En termes de création d’emploi, l’industrie restait parmi les secteurs les moins créateurs. La majeure partie de la population active était occupée dans l’agriculture. Jusqu’à 1956, moins de 10 % de la population vivant en Algérie (Européens et Algériens confondus) était occupée dans l’industrie. En effet, sur les 3,6 millions que représentait la population active en Algérie, la part de ceux qui occupaient un emploi dans l’industrie ne dépassai pas selon, les estimations les plus optimistes, 9,7 %. Pis, ce pourcentage a baissé considérablement, si l’on prend en considération uniquement la population dite musulmane (entre 6,7 % et 7,3 %, selon les sources), soit quelque 200 000 personnes vivant de l’industrie. Cette faible part de l’emploi industriel dans l’emploi total est révélatrice de la faiblesse du secteur industriel en Algérie sous la colonisation.

Autre indice, la part de l’industrie dans la PIB. Le tableau ci-après montre en effet clairement que la part de l’industrie rapportée à la PIB est faible.

Tableau 1.1 Structure de la PIB, en milliards d’Anciens Francs.

Source. D. Clerc, Economie de l’Algérie, Ministère de l’intérieur 1975, p. 10.

Les constats ci-dessus sur la faiblesse du secteur industriel se trouvent confirmés si l’on examine les statistiques relatives à la Formation Brut du Capital Fixe. Les tableaux suivants montrent en effet que la participation de l’investissement industriel dans la FBCF demeurait très faible de 1880 à 1955. Aussi, malgré sa légère hausse vers les années 1950, la répartition des investissements était en faveur des infrastructures et du logement, ce qui confirme les constats qui se dégagent des indices précédents.

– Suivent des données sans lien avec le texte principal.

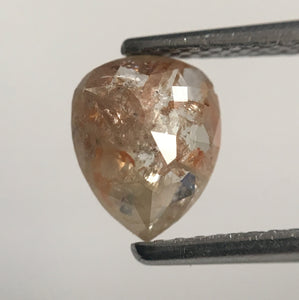 0.90 Ct Pear Shape Fancy Brown Rose Cut Natural Loose Diamond, 7.51 mm X 6.08 mm X 2.36 mm Rose Cut Pear Natural Loose Diamond SJ44/73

Tableau 1.2. Rapport F.B.C.F / PIB (en milliards d’Anciens Francs).
1880 1910 1920 1930 1955
Produit Intérieur Brut 170 310 375 460 730
Investissements Bruts (F.B.C.F) 18 38 50 55 138
Rapport F.B.C.F/P.I.B 10.6% 12.2% 13.3% 11.9% 20.2%

Source. D. Clerc, Economie de l’Algérie, Ministère de l’intérieur 1975, p.13.

Tableau 1.3. Répartition des Investissements Bruts (en milliards d’Anciens Francs).
1880 1910 1920 1930 1955
Infrastructures 28 24 18 18 32
Logements urbains 17 13 16 18 14
Agriculture coloniale 50 50 52 47 18
Industries et divers 5 13 14 17 36
Total 100 100 100 100 100

Source. D. Clerc, Economie de l’Algérie, Ministère de l’intérieur 1975, p. 13

Face à ce retard en matière d’industrialisation et afin de contenir l’influence du FLN, les autorités coloniales lancèrent le « Plan de Constantine ». Ce dernier se voulait un plan de développement global brassant l’ensemble des secteurs d’activités. Nous reviendrons plus loin sur ces différents axes et ses principaux résultats. A présent, abordons la politique agricole coloniale.

Notes
13.

 Les perspectives décennales du développement économiques et sociales de l’Algérie  est un document publié en 1958. Il trace comme son intitulé l’indique les grandes lignes du plan de développement de l’Algérie sur une décennie, le plan de Constantine est une première tranche

14.

Les statistiques utilisées dans cette sous section sont de D. Clerc sauf indication contraire.